Taking time to engage with your target as in individual is much more effective. However, all too often I see press releases with endless undisclosed (sometimes even disclosed) recipients with nothing more than a generic blurb to draw the reader in.
Back in March I attended LinkLove, an annual search conference hosted by Distilled. Claire Stokoe gave a great talk about her approach to infographic marketing (you can check out the slides from that presentation here). One point she mentioned really stuck in my mind; make sure your content targets at least three or more different niches and spreads its reach as far as possible.
Although this is clearly best practice and common sense, the hustle and bustle of marketing jargon, brand message and technical requirements can often push the most obvious requirements out of the picture. After all, if you don’t appeal to your potential audience then you’re only really servicing yourself. Press releases are quick and cost effective to produce, which is why I feel they often end up shoved to the bottom of the pile. They’re usually spat out as a last resort hoping that it ends up duplicated on some generic news site.
What I felt was so good about Claire’s advice is that it applies to practically everything; from big budget flashing-lights content, editorials and blog posts like the one you’re reading now.
Applying this theory to press releases is simple; produce a separate document for each niche you wish to target, tailoring the title information, quotes and any accompanying media to appeal to curiosity. By doing this you can not only expand your list of potential contacts but almost guarantee it gets better coverage.
Here are some examples on how you might approach this:
Technical vs general writers
…OR tech heads who understand jargon of their niche vs general sites where people dabble.
EXAMPLE: Take a press release for a brand new phone. An electronics publication would likely be more interested in the inner workings of the device itself. Therefore you could include quotes from the engineering team alongside images of the circuit board. A consumer focused phone site would care more about what the product is capable of so you’d include screenshots from the phone itself and quotes from the software team.
Direct audience vs applicable
…OR those with a direct interest vs those who cover general topics
EXAMPLE: You’re sending out information regarding a new museum. History sites would want to know in more detail about the artefacts held with some expert opinion from a historian. Local newspaper reporters would be more interested in location, what it offers for the community/tourist industry and comment from the company operating said museum.
Local vs national
…OR news that’s relevant to the whole country, but has local specifics.

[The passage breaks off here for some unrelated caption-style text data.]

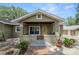 Cozy front porch featuring a yellow door, tiled floor, and a comfortable space for relaxation at 5201 Dorman Rd, Lakeland, FL 33813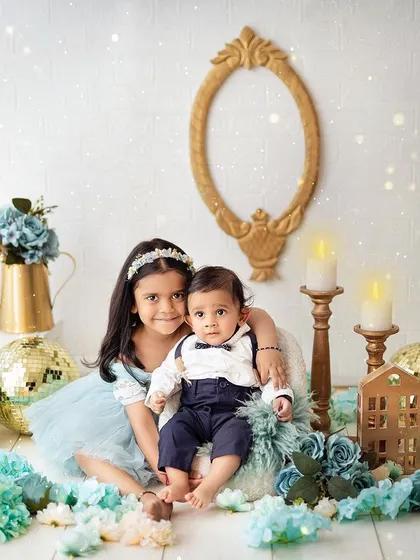 A sweet portrait of a big sister with her baby brother. These photos are a wonderful way to celebrate the new addition to the family.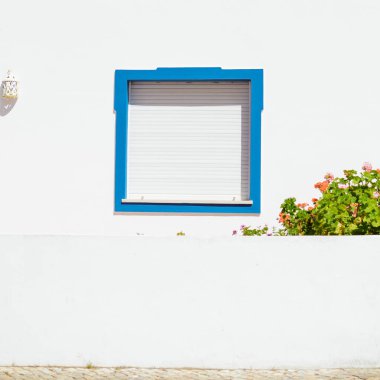 Dış duvarın arka planında metal kapaklı pencere.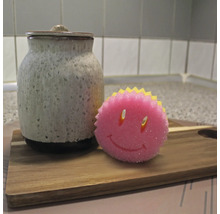 Keramikdose mit Deckel und ein Spülschwamm mit Smiley-Gesicht auf einem Holzbrett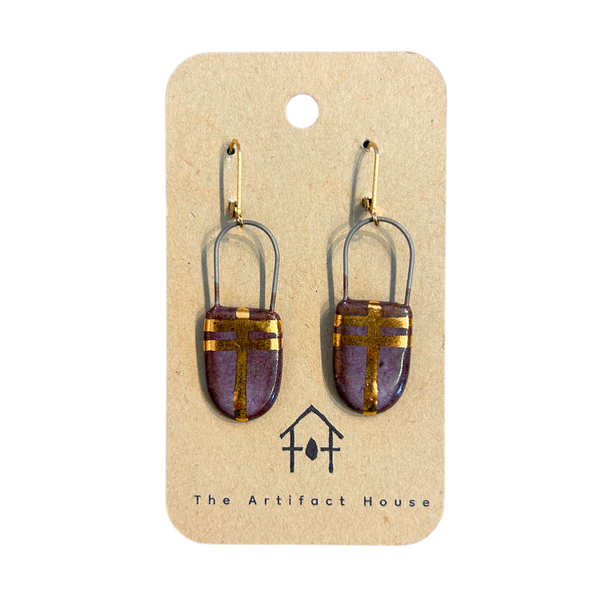 Pair of eggplant and gold earrings on a 'The Artifact House' branded card against a white background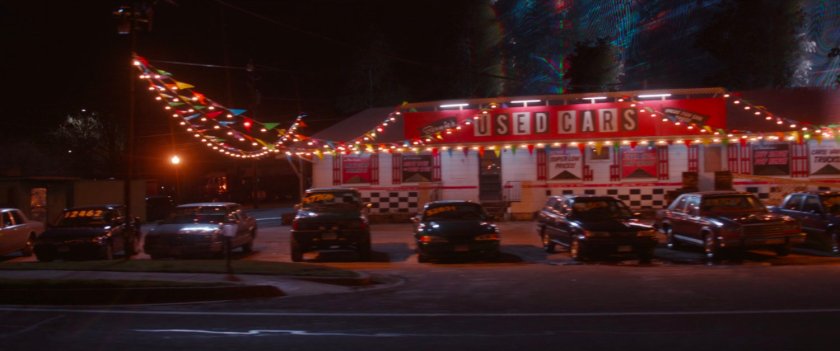 A 1950s looking used car lot.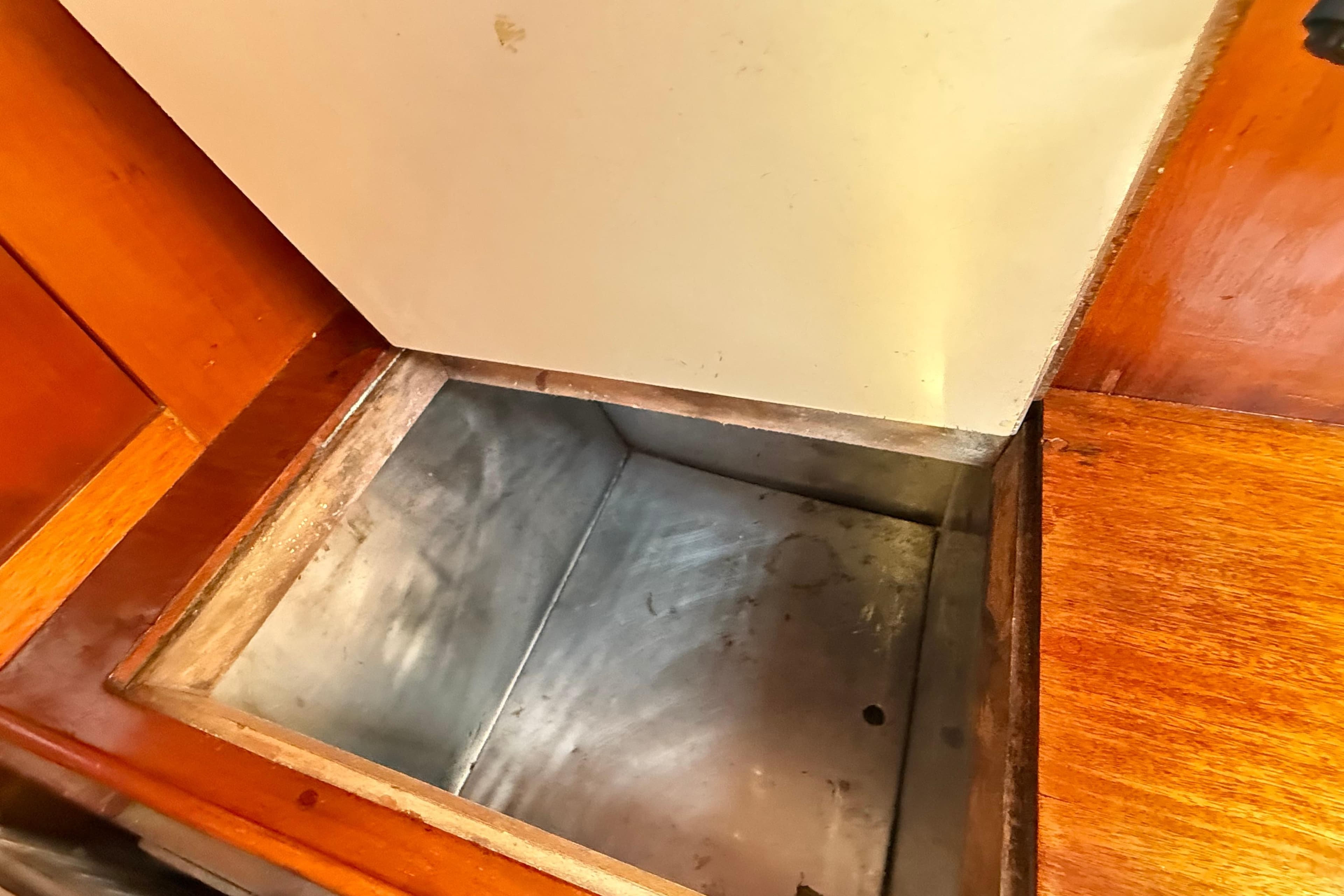 Open storage compartment in 1986 Vindo 45 boat interior with wooden finish.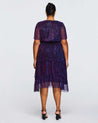 The back view of a plus size woman wearing a Glitterland Metallic Sparkly Midi Dress.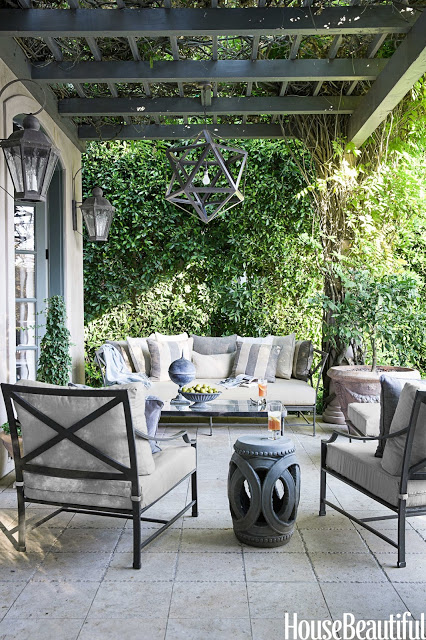 Neutral outdoor patio by Mary McDonald modern lighting grey sofa and armchairs Chinese garden stool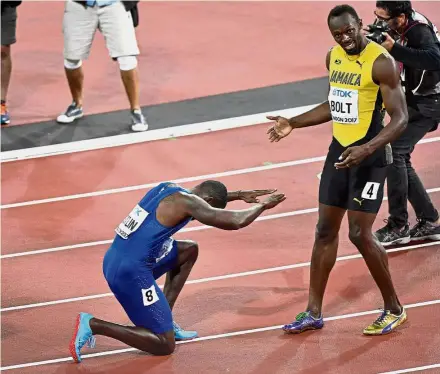  ??  ?? Not fair: American Justin Gatlin kneeling in front of Jamaica’s Usain Bolt after winning the men’s 100m final at the World Championsh­ips in London on Aug 5. Left: An emotional Gatlin after his win.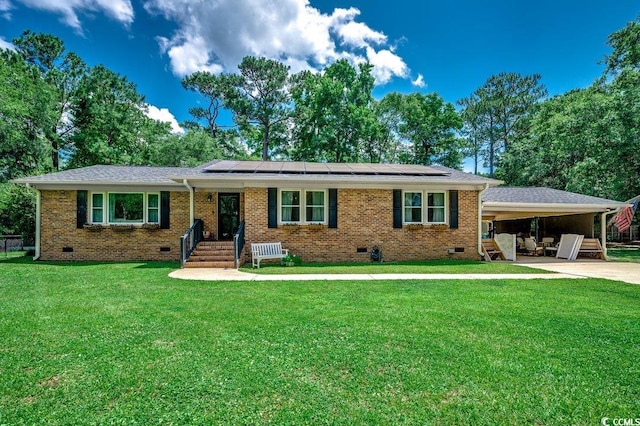 4189 Schoolhouse Cir, Little River, SC 29566 - ranch-style home featuring crawl space, roof mounted solar panels, a front yard, and brick siding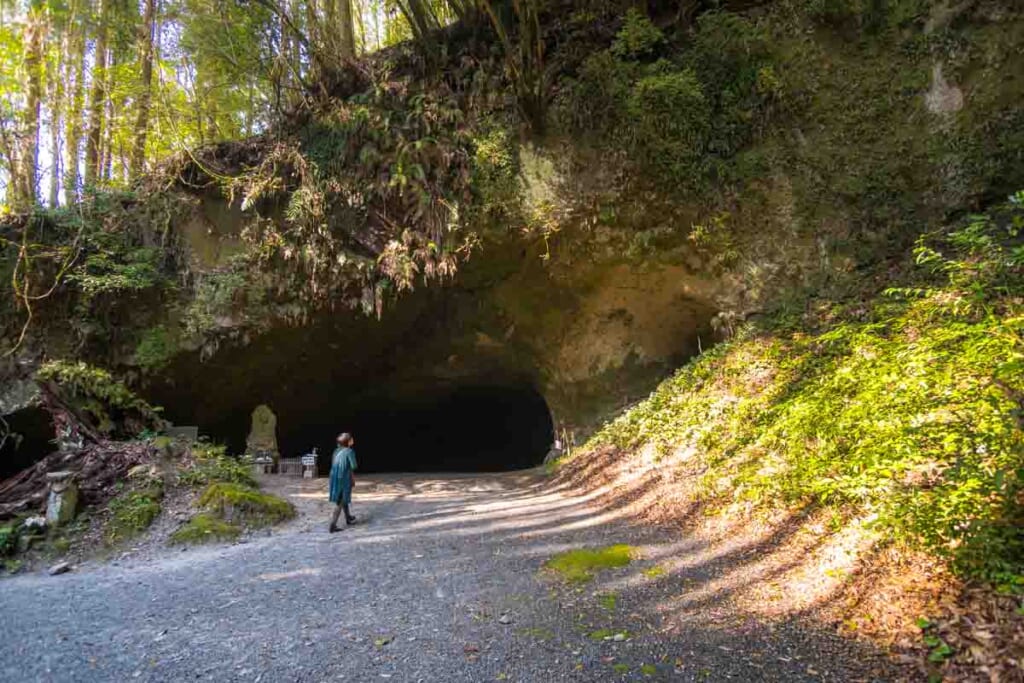 Woman walking up two large cave opening in kagoshima, Japan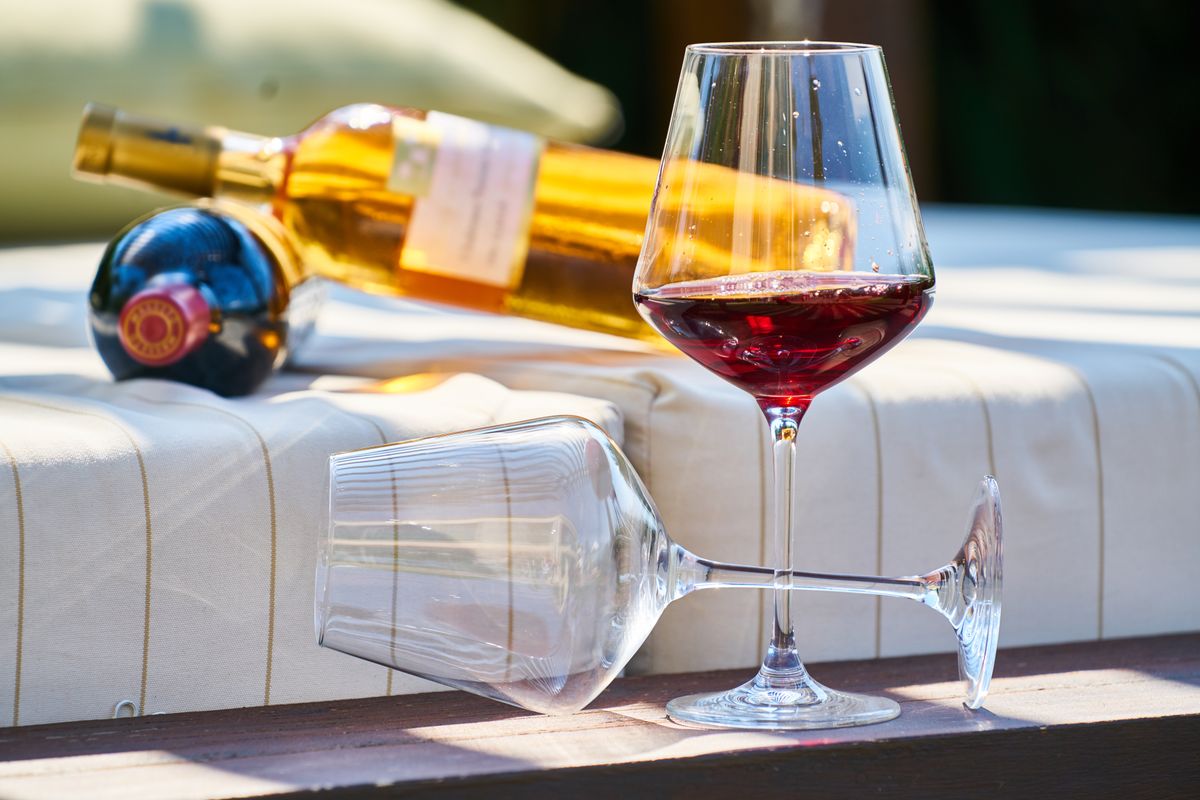 A glass of red wine with a bottle on a sunlit outdoor table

EXAMPLE: You’re an organisation offering a national service that’s soon to be going through changes. National news coverage would be more interested in how it affects everyone so include a general view with quotes from someone higher up like a CEO. Local news sources would care more about the effect on their community, which services in their area are effected and comment from a local authority.
Local vs local
…OR leading on, if you have local news that applies to multiple areas, tailor it to appeal.
EXAMPLE: When we published some location specific survey results earlier this year we contacted many local news sources. We’d never had spoken with many of these before due to geographic constraints. By tailoring each press release to specific locations, with information and quotes relating to familiar and relevant places we had a much higher success rate. If we’d sent out one press release listing all the locations it’s likely our message wouldn’t have travelled as far.
Site types vs audiences
…OR what do you want out of the press release? Is the site home to potential customers – does it need tailoring to encourage a call to action?
EXAMPLE: Are your target market hanging around, reading and contributing to the website you’re contacting? Include prices, how to purchase and tell the writer why their audience need to hear about your news. Or perhaps your press release is solely about brand building, therefore is it worth including your social links rather than your website?
These scenarios are just a snippet of potential ways to think outside of the box when it comes to press releases. Here at OKO Digital we can help your business find that essential “human interest” angle to capture and embrace all your target audiences by asking three simple questions…
• Who would this appeal to?
• How can we make it appeal to more people?
• What websites are these people reading and interacting with online?
Putting that extra few yards of effort into crafting your press releases is a great and cost effective way to make your message travel a few miles further.